» **INFORMATION SUPPLIED**
========================

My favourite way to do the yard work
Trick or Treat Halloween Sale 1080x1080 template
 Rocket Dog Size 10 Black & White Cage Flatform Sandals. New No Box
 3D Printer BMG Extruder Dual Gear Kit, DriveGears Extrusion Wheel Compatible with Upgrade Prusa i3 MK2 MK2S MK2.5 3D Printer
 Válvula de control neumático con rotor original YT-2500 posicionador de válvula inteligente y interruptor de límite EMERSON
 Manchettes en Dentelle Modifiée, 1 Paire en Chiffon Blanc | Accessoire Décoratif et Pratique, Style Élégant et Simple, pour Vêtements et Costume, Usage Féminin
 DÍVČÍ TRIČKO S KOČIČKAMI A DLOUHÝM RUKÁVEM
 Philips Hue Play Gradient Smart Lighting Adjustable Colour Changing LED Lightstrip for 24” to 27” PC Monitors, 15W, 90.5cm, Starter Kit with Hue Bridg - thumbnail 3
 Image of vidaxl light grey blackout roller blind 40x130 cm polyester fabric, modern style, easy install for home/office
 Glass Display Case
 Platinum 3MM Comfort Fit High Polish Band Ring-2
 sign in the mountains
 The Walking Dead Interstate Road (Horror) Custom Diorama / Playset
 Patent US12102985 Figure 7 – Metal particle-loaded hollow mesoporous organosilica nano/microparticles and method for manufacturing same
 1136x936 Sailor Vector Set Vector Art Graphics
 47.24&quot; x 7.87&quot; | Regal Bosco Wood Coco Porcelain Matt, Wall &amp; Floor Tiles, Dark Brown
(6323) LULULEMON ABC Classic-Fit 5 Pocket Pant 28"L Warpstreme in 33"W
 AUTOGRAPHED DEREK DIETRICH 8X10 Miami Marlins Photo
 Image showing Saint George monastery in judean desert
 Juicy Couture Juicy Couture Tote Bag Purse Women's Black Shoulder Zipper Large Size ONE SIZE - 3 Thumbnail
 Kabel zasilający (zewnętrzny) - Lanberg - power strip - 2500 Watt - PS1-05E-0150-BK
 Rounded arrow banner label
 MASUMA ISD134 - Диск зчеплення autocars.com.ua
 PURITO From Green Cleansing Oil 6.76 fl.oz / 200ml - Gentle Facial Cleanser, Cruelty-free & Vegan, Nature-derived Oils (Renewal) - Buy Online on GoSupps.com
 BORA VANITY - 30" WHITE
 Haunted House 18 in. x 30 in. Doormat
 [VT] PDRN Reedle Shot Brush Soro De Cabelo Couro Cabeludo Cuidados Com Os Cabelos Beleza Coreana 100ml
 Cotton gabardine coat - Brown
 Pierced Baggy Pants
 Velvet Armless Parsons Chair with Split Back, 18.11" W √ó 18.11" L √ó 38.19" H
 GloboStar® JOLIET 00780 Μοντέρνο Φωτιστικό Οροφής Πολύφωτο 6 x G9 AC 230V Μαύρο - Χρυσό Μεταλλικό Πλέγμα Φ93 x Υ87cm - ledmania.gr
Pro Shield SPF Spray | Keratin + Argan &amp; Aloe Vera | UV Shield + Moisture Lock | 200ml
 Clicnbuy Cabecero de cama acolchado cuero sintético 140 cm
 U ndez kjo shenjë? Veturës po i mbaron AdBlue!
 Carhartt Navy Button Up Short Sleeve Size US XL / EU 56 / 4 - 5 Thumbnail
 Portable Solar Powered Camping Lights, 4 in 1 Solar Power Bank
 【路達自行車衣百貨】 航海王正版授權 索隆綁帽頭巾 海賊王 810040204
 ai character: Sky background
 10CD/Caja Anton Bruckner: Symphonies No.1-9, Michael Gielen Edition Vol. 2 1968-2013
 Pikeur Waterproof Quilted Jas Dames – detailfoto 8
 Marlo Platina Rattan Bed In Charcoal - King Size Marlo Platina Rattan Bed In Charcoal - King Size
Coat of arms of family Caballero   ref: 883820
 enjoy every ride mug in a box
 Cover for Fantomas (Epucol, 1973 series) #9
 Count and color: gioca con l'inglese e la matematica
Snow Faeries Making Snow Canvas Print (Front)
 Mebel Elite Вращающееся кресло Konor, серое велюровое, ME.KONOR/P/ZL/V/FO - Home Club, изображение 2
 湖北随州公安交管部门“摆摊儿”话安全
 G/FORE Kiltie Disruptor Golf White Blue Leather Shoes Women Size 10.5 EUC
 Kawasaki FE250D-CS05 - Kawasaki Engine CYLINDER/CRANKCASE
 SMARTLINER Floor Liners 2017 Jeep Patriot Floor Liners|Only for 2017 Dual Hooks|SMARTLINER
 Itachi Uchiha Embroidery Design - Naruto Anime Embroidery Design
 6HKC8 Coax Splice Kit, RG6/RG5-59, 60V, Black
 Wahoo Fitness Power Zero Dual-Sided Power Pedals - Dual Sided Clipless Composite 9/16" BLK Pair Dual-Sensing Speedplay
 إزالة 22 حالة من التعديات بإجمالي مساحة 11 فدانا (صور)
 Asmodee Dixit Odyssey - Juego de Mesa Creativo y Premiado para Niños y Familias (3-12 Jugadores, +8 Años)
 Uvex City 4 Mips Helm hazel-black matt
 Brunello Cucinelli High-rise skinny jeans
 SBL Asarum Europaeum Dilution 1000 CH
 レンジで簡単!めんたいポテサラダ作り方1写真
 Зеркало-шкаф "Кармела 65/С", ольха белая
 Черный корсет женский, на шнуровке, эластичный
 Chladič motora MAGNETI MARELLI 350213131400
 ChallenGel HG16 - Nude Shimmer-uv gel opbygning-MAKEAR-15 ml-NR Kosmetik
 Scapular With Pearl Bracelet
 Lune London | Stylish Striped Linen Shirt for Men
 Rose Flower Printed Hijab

========================

» **YOUR ASSIGNMENT**
Retype each line of the material above exactly.

» **ANSWER SECTION**
My favourite way to do the yard work
Trick or Treat Halloween Sale 1080x1080 template
 Rocket Dog Size 10 Black & White Cage Flatform Sandals. New No Box
 3D Printer BMG Extruder Dual Gear Kit, DriveGears Extrusion Wheel Compatible with Upgrade Prusa i3 MK2 MK2S MK2.5 3D Printer
 Válvula de control neumático con rotor original YT-2500 posicionador de válvula inteligente y interruptor de límite EMERSON
 Manchettes en Dentelle Modifiée, 1 Paire en Chiffon Blanc | Accessoire Décoratif et Pratique, Style Élégant et Simple, pour Vêtements et Costume, Usage Féminin
 DÍVČÍ TRIČKO S KOČIČKAMI A DLOUHÝM RUKÁVEM
 Philips Hue Play Gradient Smart Lighting Adjustable Colour Changing LED Lightstrip for 24” to 27” PC Monitors, 15W, 90.5cm, Starter Kit with Hue Bridg - thumbnail 3
 Image of vidaxl light grey blackout roller blind 40x130 cm polyester fabric, modern style, easy install for home/office
 Glass Display Case
 Platinum 3MM Comfort Fit High Polish Band Ring-2
 sign in the mountains
 The Walking Dead Interstate Road (Horror) Custom Diorama / Playset
 Patent US12102985 Figure 7 – Metal particle-loaded hollow mesoporous organosilica nano/microparticles and method for manufacturing same
 1136x936 Sailor Vector Set Vector Art Graphics
 47.24&quot; x 7.87&quot; | Regal Bosco Wood Coco Porcelain Matt, Wall &amp; Floor Tiles, Dark Brown
(6323) LULULEMON ABC Classic-Fit 5 Pocket Pant 28"L Warpstreme in 33"W
 AUTOGRAPHED DEREK DIETRICH 8X10 Miami Marlins Photo
 Image showing Saint George monastery in judean desert
 Juicy Couture Juicy Couture Tote Bag Purse Women's Black Shoulder Zipper Large Size ONE SIZE - 3 Thumbnail
 Kabel zasilający (zewnętrzny) - Lanberg - power strip - 2500 Watt - PS1-05E-0150-BK
 Rounded arrow banner label
 MASUMA ISD134 - Диск зчеплення autocars.com.ua
 PURITO From Green Cleansing Oil 6.76 fl.oz / 200ml - Gentle Facial Cleanser, Cruelty-free & Vegan, Nature-derived Oils (Renewal) - Buy Online on GoSupps.com
 BORA VANITY - 30" WHITE
 Haunted House 18 in. x 30 in. Doormat
 [VT] PDRN Reedle Shot Brush Soro De Cabelo Couro Cabeludo Cuidados Com Os Cabelos Beleza Coreana 100ml
 Cotton gabardine coat - Brown
 Pierced Baggy Pants
 Velvet Armless Parsons Chair with Split Back, 18.11" W √ó 18.11" L √ó 38.19" H
 GloboStar® JOLIET 00780 Μοντέρνο Φωτιστικό Οροφής Πολύφωτο 6 x G9 AC 230V Μαύρο - Χρυσό Μεταλλικό Πλέγμα Φ93 x Υ87cm - ledmania.gr
Pro Shield SPF Spray | Keratin + Argan &amp; Aloe Vera | UV Shield + Moisture Lock | 200ml
 Clicnbuy Cabecero de cama acolchado cuero sintético 140 cm
 U ndez kjo shenjë? Veturës po i mbaron AdBlue!
 Carhartt Navy Button Up Short Sleeve Size US XL / EU 56 / 4 - 5 Thumbnail
 Portable Solar Powered Camping Lights, 4 in 1 Solar Power Bank
 【路達自行車衣百貨】 航海王正版授權 索隆綁帽頭巾 海賊王 810040204
 ai character: Sky background
 10CD/Caja Anton Bruckner: Symphonies No.1-9, Michael Gielen Edition Vol. 2 1968-2013
 Pikeur Waterproof Quilted Jas Dames – detailfoto 8
 Marlo Platina Rattan Bed In Charcoal - King Size Marlo Platina Rattan Bed In Charcoal - King Size
Coat of arms of family Caballero   ref: 883820
 enjoy every ride mug in a box
 Cover for Fantomas (Epucol, 1973 series) #9
 Count and color: gioca con l'inglese e la matematica
Snow Faeries Making Snow Canvas Print (Front)
 Mebel Elite Вращающееся кресло Konor, серое велюровое, ME.KONOR/P/ZL/V/FO - Home Club, изображение 2
 湖北随州公安交管部门“摆摊儿”话安全
 G/FORE Kiltie Disruptor Golf White Blue Leather Shoes Women Size 10.5 EUC
 Kawasaki FE250D-CS05 - Kawasaki Engine CYLINDER/CRANKCASE
 SMARTLINER Floor Liners 2017 Jeep Patriot Floor Liners|Only for 2017 Dual Hooks|SMARTLINER
 Itachi Uchiha Embroidery Design - Naruto Anime Embroidery Design
 6HKC8 Coax Splice Kit, RG6/RG5-59, 60V, Black
 Wahoo Fitness Power Zero Dual-Sided Power Pedals - Dual Sided Clipless Composite 9/16" BLK Pair Dual-Sensing Speedplay
 إزالة 22 حالة من التعديات بإجمالي مساحة 11 فدانا (صور)
 Asmodee Dixit Odyssey - Juego de Mesa Creativo y Premiado para Niños y Familias (3-12 Jugadores, +8 Años)
 Uvex City 4 Mips Helm hazel-black matt
 Brunello Cucinelli High-rise skinny jeans
 SBL Asarum Europaeum Dilution 1000 CH
 レンジで簡単!めんたいポテサラダ作り方1写真
 Зеркало-шкаф "Кармела 65/С", ольха белая
 Черный корсет женский, на шнуровке, эластичный
 Chladič motora MAGNETI MARELLI 350213131400
 ChallenGel HG16 - Nude Shimmer-uv gel opbygning-MAKEAR-15 ml-NR Kosmetik
 Scapular With Pearl Bracelet
 Lune London | Stylish Striped Linen Shirt for Men
 Rose Flower Printed Hijab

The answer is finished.